Environmental Effects of Micro- and Ultra-microchannel Structures of Natural Minerals

Abstract

Abstract The micro-channels usually refers to structural channels of minerals with aperture in the range of 0.3 nm to 2.0 nm. Such microchannels include, Mn-O octahedron channel filled by K in cryptomelane, and channel constructed by Si-O and Al-O tetragonal molecular sieve filled by Na and Ca in zeolite, and effectively have the function of molecular sieve. Here we point out that ultra-microchannels of natural minerals have apertures below 0.3 nm with the features of ionic sieves. The ultra-microchannels of mineral feldspar, accounting for half mass of the Earth's crust, have been largely ignored because the aperture is too small. In this work, we present that feldspar displays a certain degree of ion exchange and owns a feature of channel structure under both high and low temperatures.
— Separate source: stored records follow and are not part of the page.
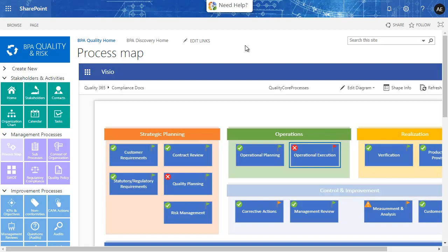There are a lot of similarities in ISO clauses and chapters for Quality, ISO 9001, Environment, ISO 14001, Information Security, 27001, Health and Safety, 45001, and others.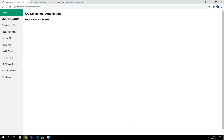Hey guys, hope you are doing well. In today's video I'm going to show you another demonstration of this automation. I built a website and integrated features like phone provisioning, PIN reset, health checkup, phone deletion, and bulk provisioning using this website, so you don't necessarily need to give permissions to your iManage team to perform many of the BAU work.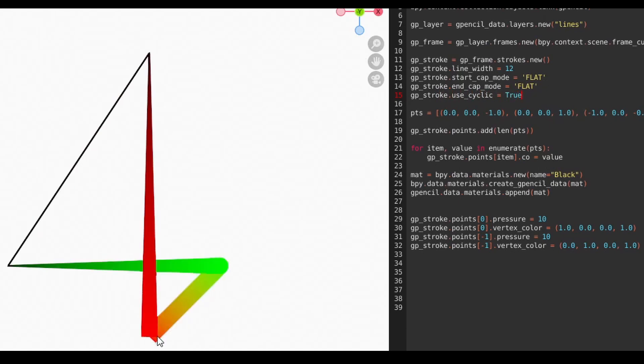Our stroke is now closed, but you'll notice that the connection between the first and last part looks a bit wonky. That's because we set the end caps to flat. To correct that, we'll set them to round.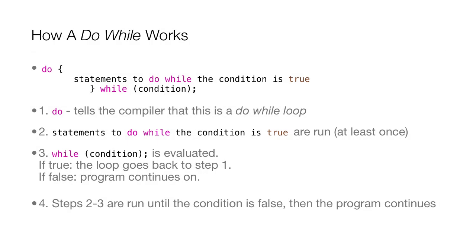So how a do-while loop works. Do tells the compiler that this is a do-while loop. Then statements to do while the condition is true are run at least once. Then while condition is evaluated. If true, the loop goes back to step one. If false, the program continues on.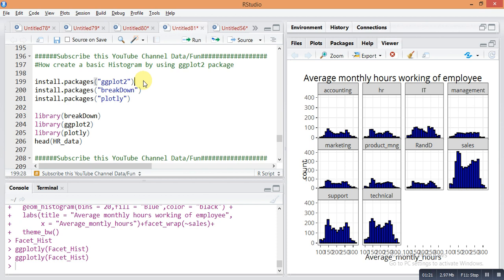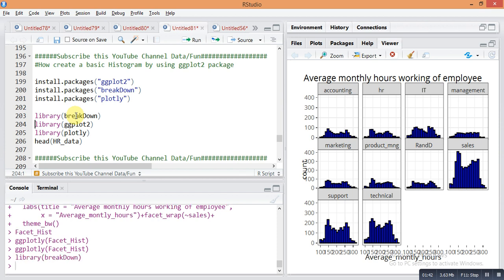First you need to install these packages if you haven't already: ggplot2, breakDown, and plotly. Install them in R Studio using install.packages('ggplot2'), install.packages('breakDown'), and install.packages('plotly'). I already have them installed, so I just recall them using the library function. The breakDown package is used only for the dataset — we use HR data for data exploration, which is contained in the breakDown package.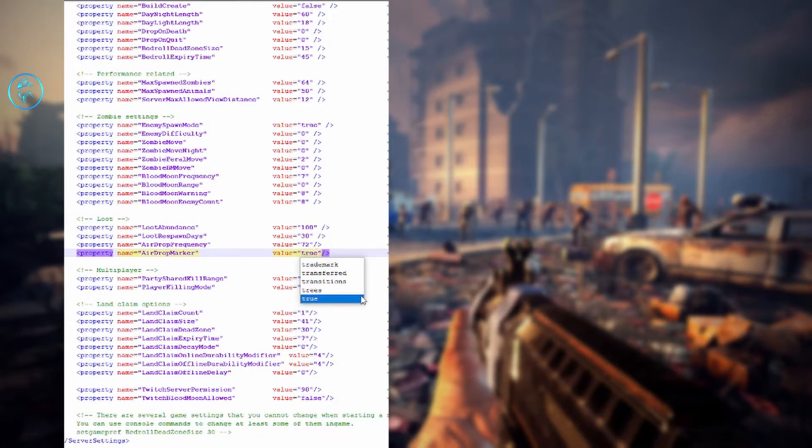Loot abundance is a percentage of how often something drops loot. Respawn is every 30 days. Airdrop frequency is every 72 hours — every 3 days. Airdrop marker: I usually turn this on so I know where airdrops are. If you don't know where they are, you might randomly come across them constantly, taking up server memory. If you have a beefy server, don't worry about it — set it to false and let them show up randomly.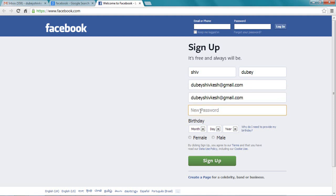Then choose a password for your Facebook account. Remember guys, don't use your Gmail password here. Keep your Facebook and Gmail separate. So choose a password.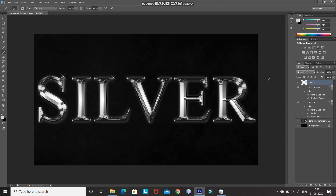That's it, guys! This will give you a silver metal text effect in Photoshop. Hope you liked this video. If you did, hit the like button and share it with anyone who might be interested. Subscribe to the channel for more Photoshop videos. Thanks for watching — bye bye!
At high temperature, Na+ can enter the channels of feldspars. The content of Na2O in feldspar increases up to 15.9%. At middle temperature, Pb2+ can also enter the channels of feldspar as the result of ion exchange, leading thus to the formation of Pb-feldspar. At room temperature, about 97.94% Cd2+ can be removed and Cd-feldspar can be obtained. These phenomena indicate typical effects of ultra-microchannels of feldspar, which may be suggested as a potential for the treatment of heavy metal pollution and nuclear waste. The ultra-microchannels of natural minerals have played special role in migration and exchange of geomaterials. The molecular sieves of microchannels of a few natural minerals have the property of purifying molecular gas pollution. And the ionic sieves of ultra-microchannels of most natural minerals can purify ionic water contaminates.